* **Your task**: Without any pictures, print the lines below from the one that has "Bloque de la" through the one that has "VIDEO/Grabitja e marketit", exactly and nothing else.

* **Material provided**:
—————
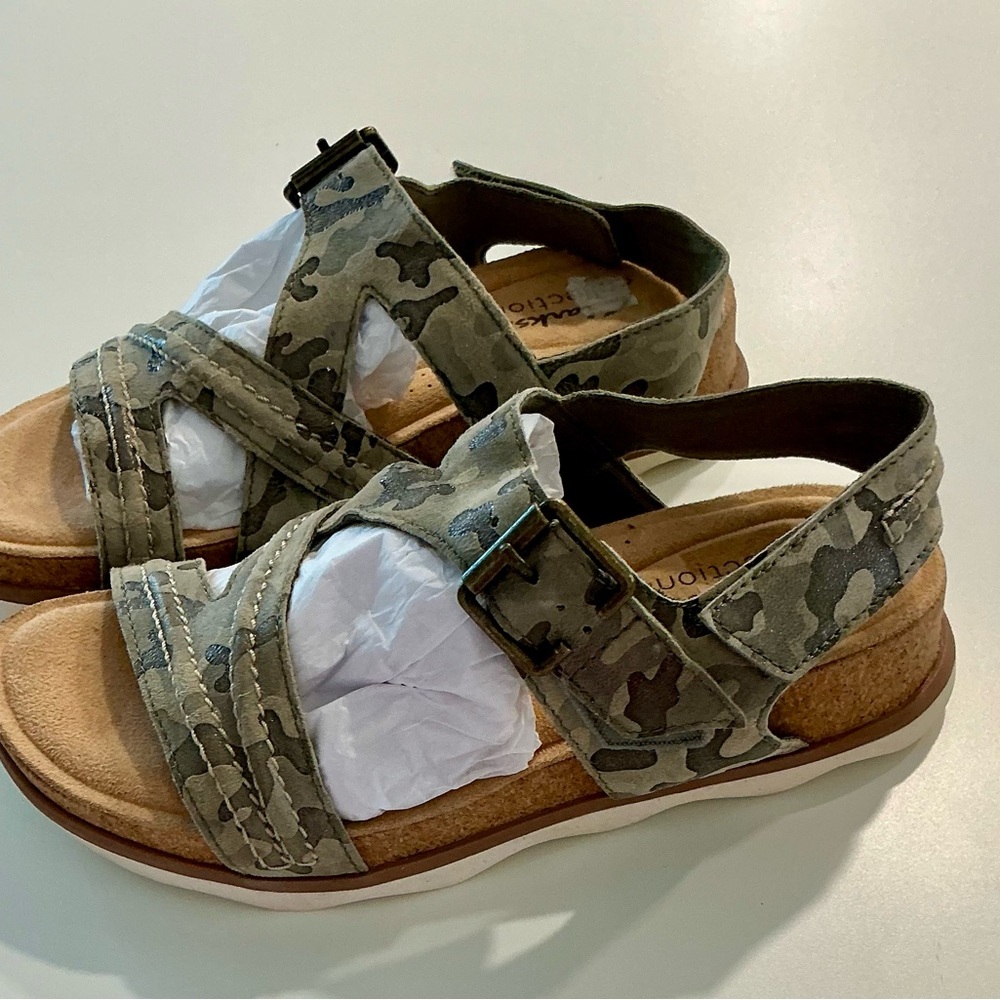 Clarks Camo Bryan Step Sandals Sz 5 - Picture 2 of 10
—————
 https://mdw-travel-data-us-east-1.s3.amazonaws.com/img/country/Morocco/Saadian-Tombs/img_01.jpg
—————
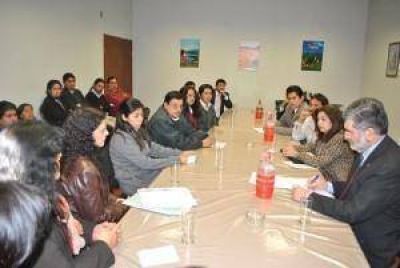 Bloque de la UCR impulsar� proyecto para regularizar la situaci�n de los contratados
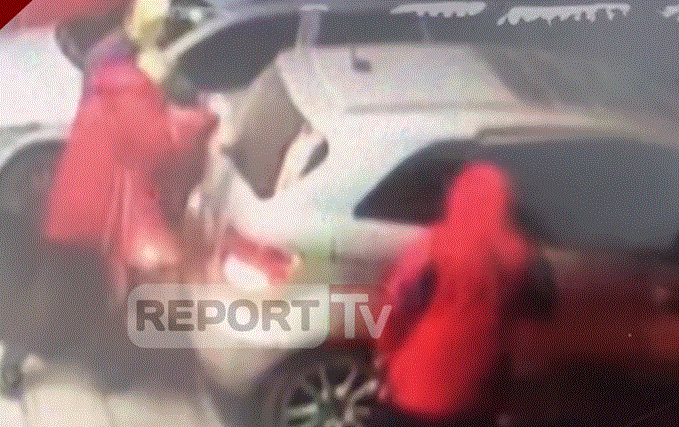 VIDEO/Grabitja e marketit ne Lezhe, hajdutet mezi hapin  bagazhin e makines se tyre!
—————
* **Output of the exercise**:
 Bloque de la UCR impulsar� proyecto para regularizar la situaci�n de los contratados
 VIDEO/Grabitja e marketit ne Lezhe, hajdutet mezi hapin  bagazhin e makines se tyre!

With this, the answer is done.